EXERCISE PROMPT :: Leave out pictures; repeat exactly the lines from the "نواب يطالبون بتوحيد" line through the last of the data below.

RECORDS TO USE ::
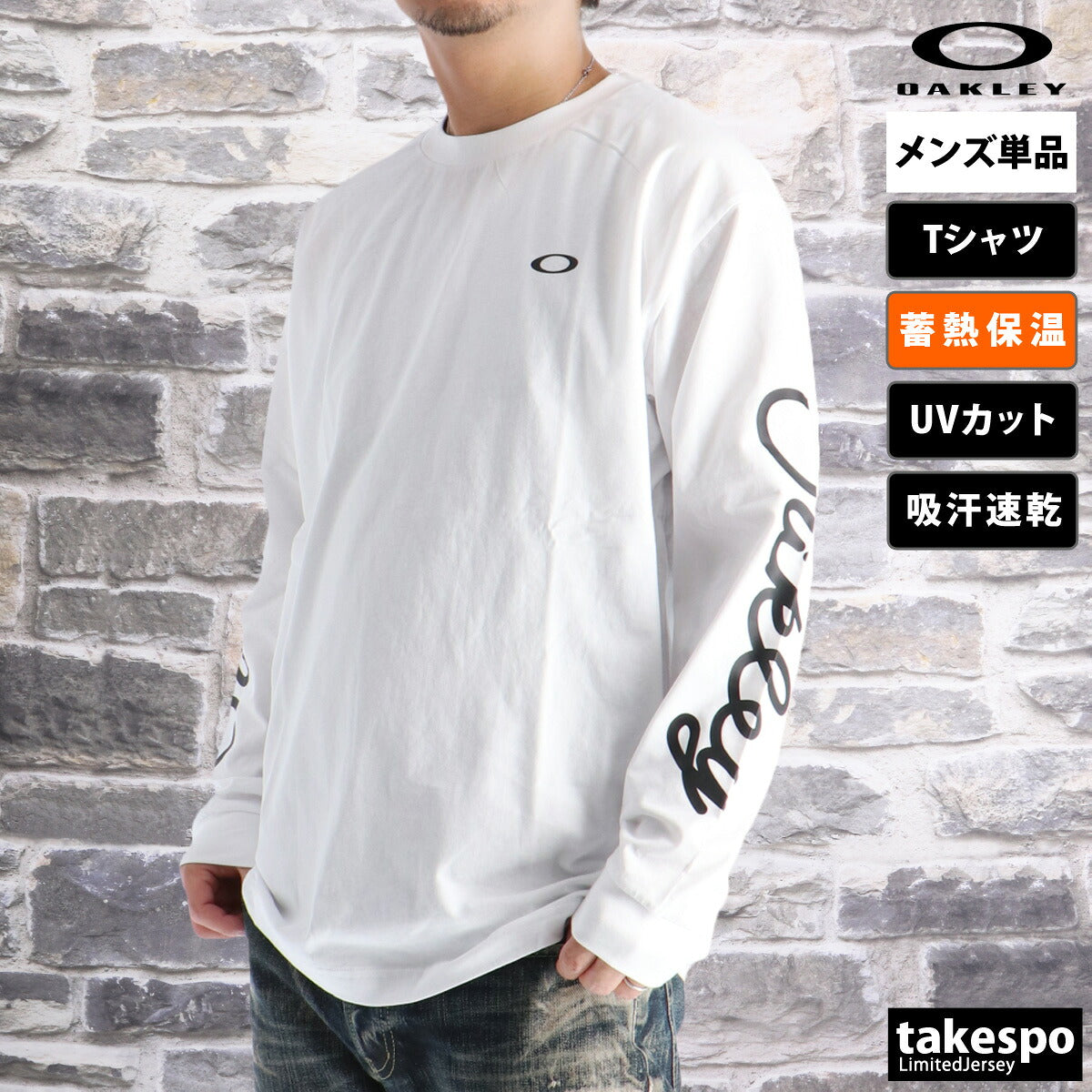オークリー Tシャツ メンズ ブラック ホワイト ネイビー カーキグリーン FOA408254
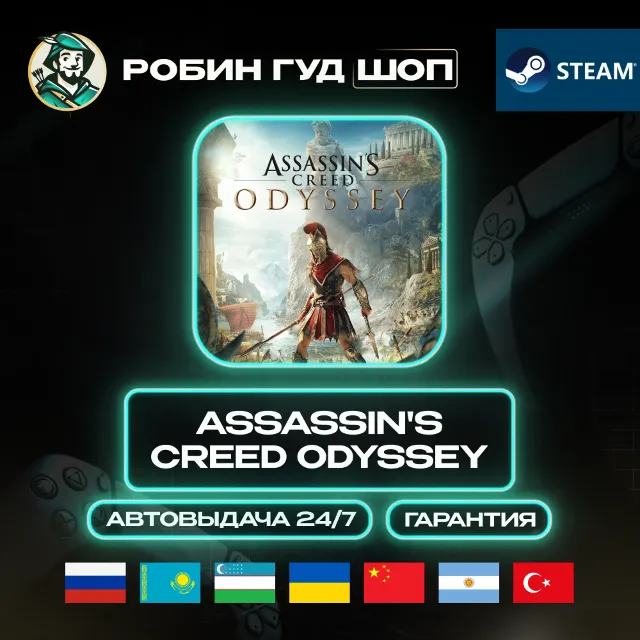 ASSASSIN'S CREED ODYSSEY STEAM GIFT GLOBAL АВТО 24/7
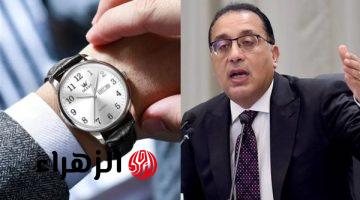 نواب يطالبون بتوحيد الساعة وإلغاء التوقيت الشتوي وتساؤلات للحكومة قبل بدء التوقيت الصيفي 2026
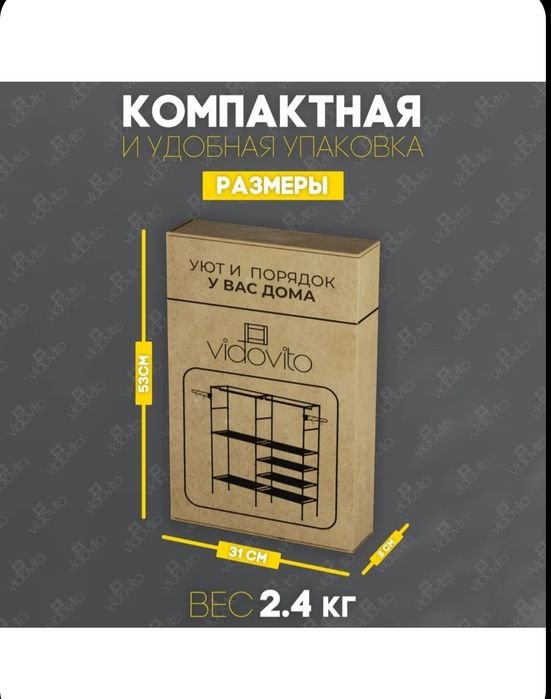 Шкаф мини. Вешалка напольная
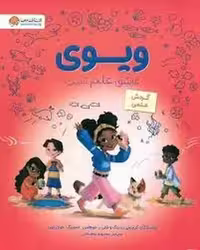 ویوی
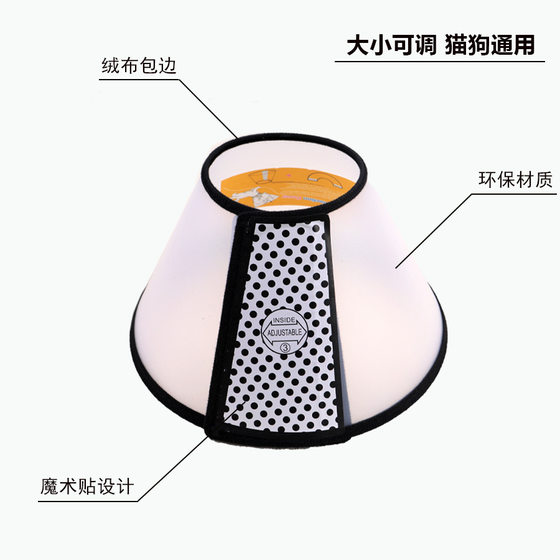 Elizabethan collar for cats and dogs, pet anti-biting collar, anti-scratch collar, dog bathing and grooming collar, pet supplies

RESULT FOR THIS EXERCISE ::
 نواب يطالبون بتوحيد الساعة وإلغاء التوقيت الشتوي وتساؤلات للحكومة قبل بدء التوقيت الصيفي 2026
 Шкаф мини. Вешалка напольная
 ویوی
 Elizabethan collar for cats and dogs, pet anti-biting collar, anti-scratch collar, dog bathing and grooming collar, pet supplies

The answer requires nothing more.